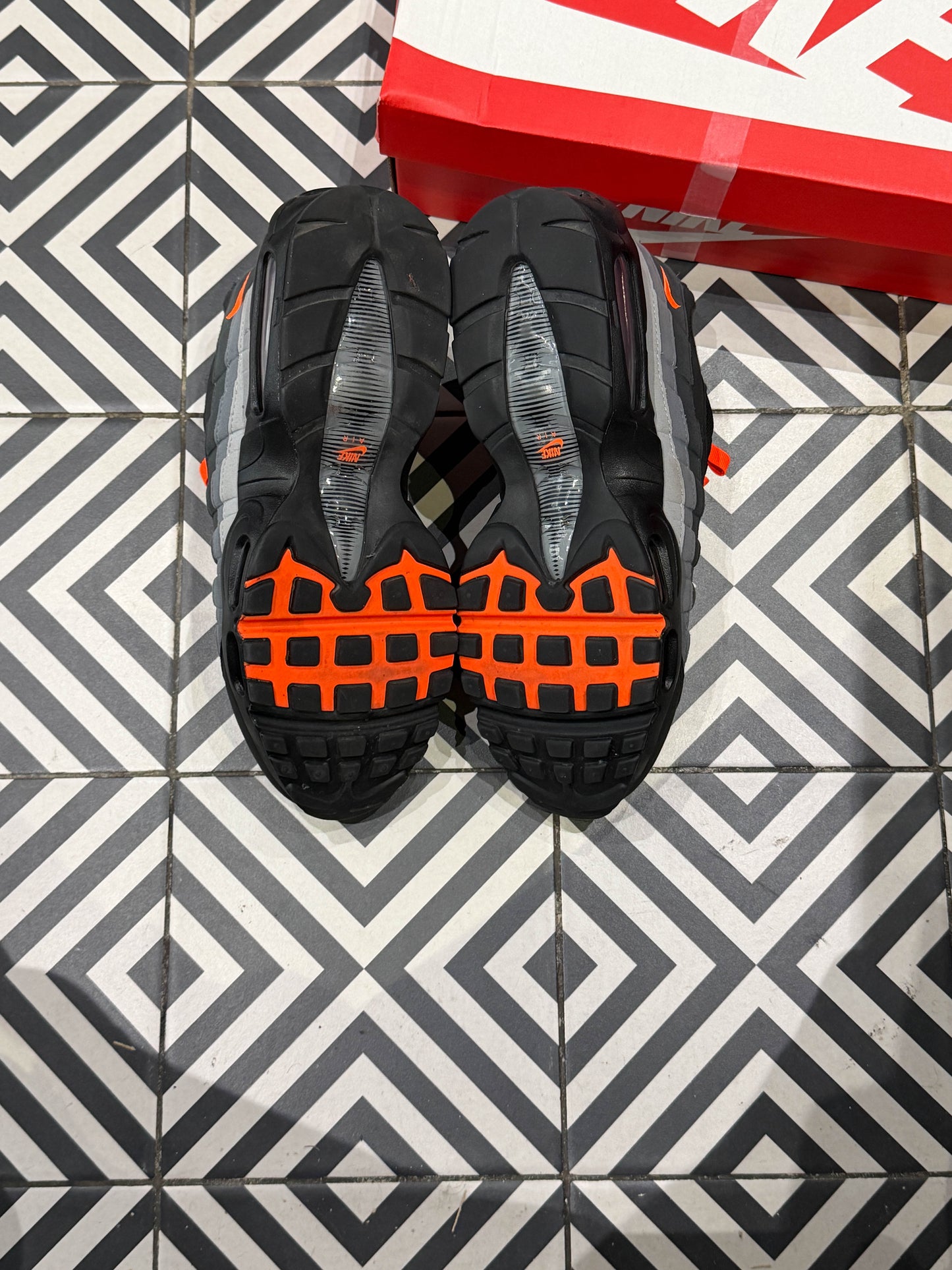 Air Max 95 Crimson (Taille 45,5)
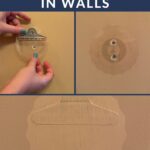 the easiest way to patch holes in walls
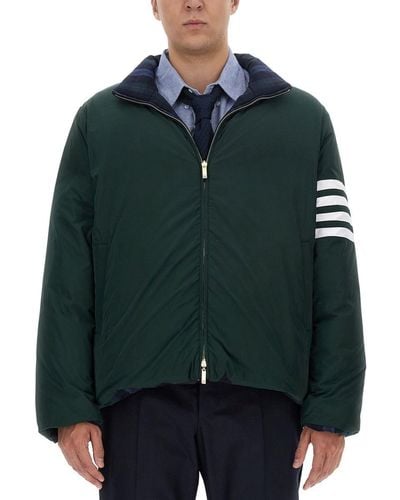 Thom Browne Reversible Jacket - Green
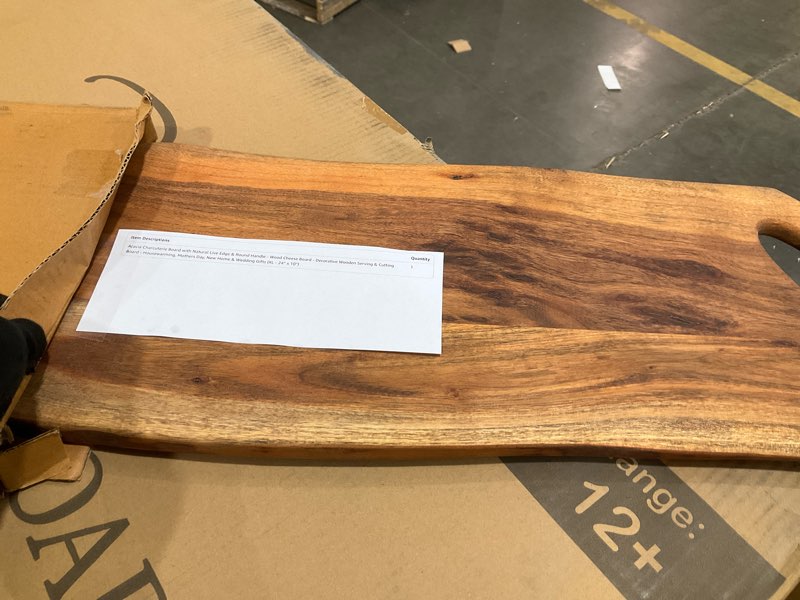 Wood acacia cutting board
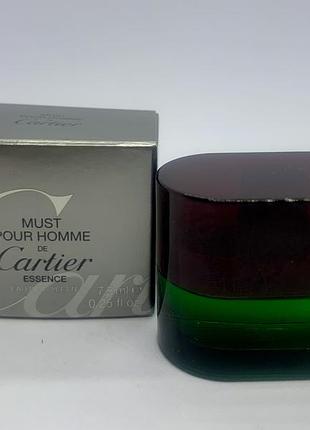 Must de cartier pour homme essence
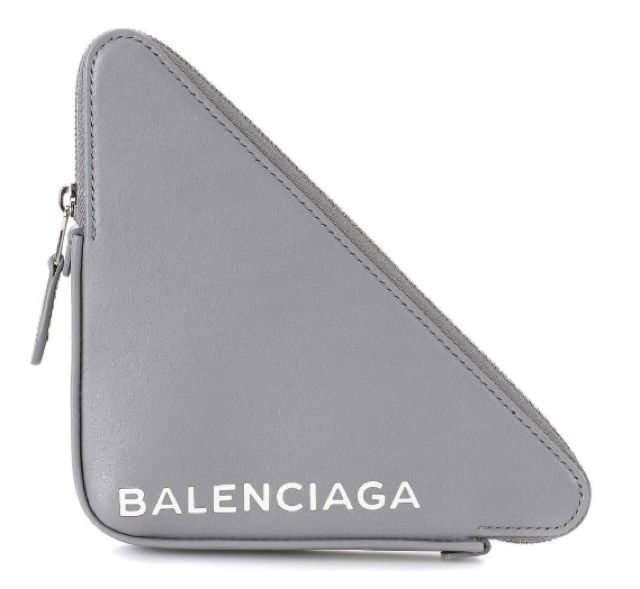 Clutch Triangle M di Balenciaga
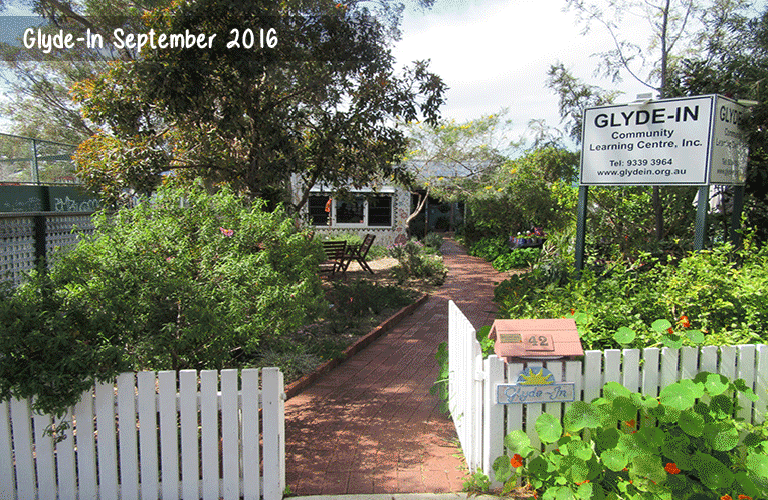 Glyde-In September 2006 Glyde In september 2016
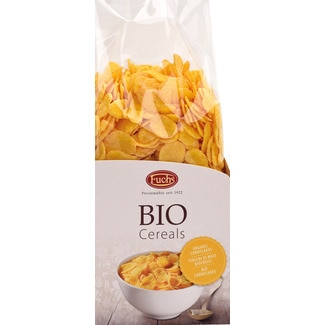 Corn Flakes Bio embalagem 275 g - Fuchs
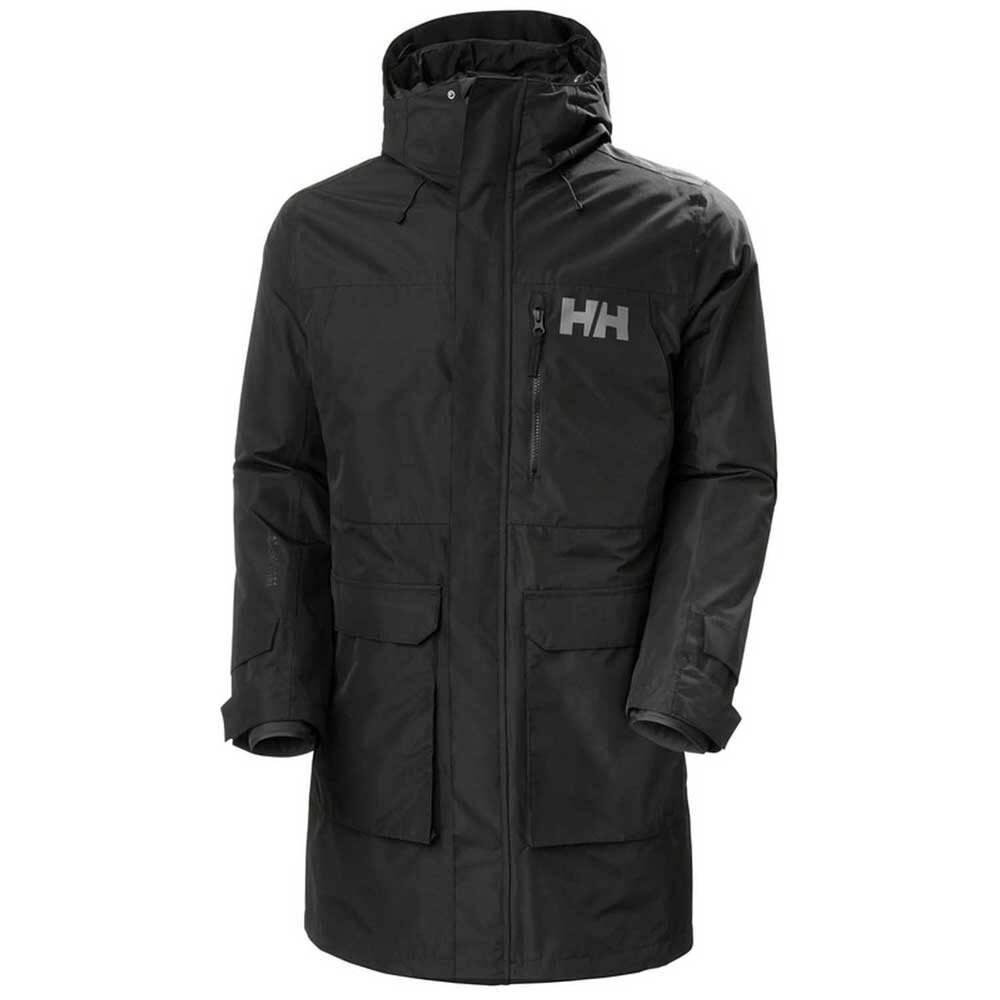 

Пальто Helly Hansen Rigging, черный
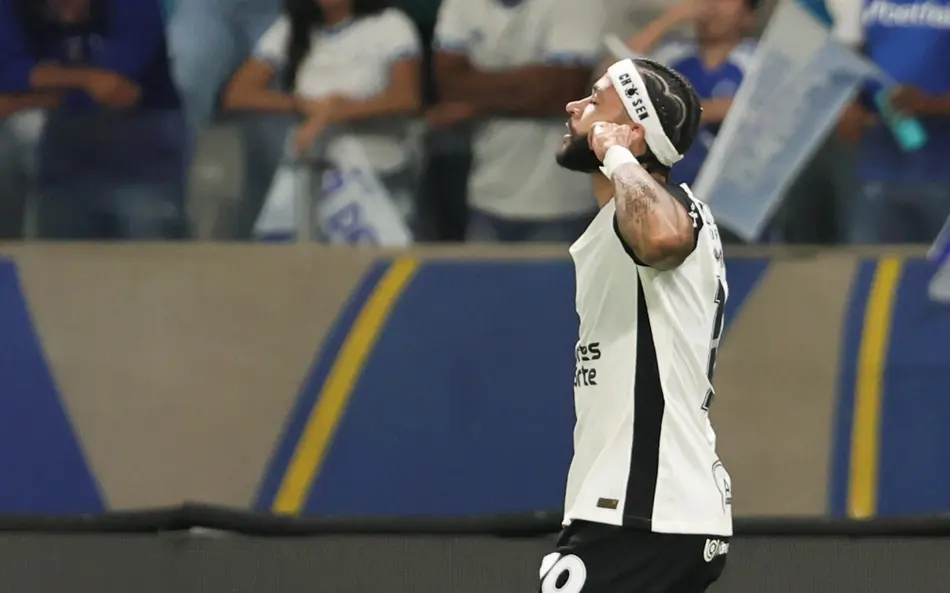 Copa do Brasil: Depay decide e Corinthians derrota Cruzeiro por 1 a 0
------------
EXERCISE DETAILS: Transcribe exactly the line containing "Must de cartier pour homme essence" and every line after it through the end of the listing above; pictures are not part of the copy.

RESPONSE AREA:
 Must de cartier pour homme essence
 Clutch Triangle M di Balenciaga
 Glyde-In September 2006 Glyde In september 2016
 Corn Flakes Bio embalagem 275 g - Fuchs

Пальто Helly Hansen Rigging, черный
 Copa do Brasil: Depay decide e Corinthians derrota Cruzeiro por 1 a 0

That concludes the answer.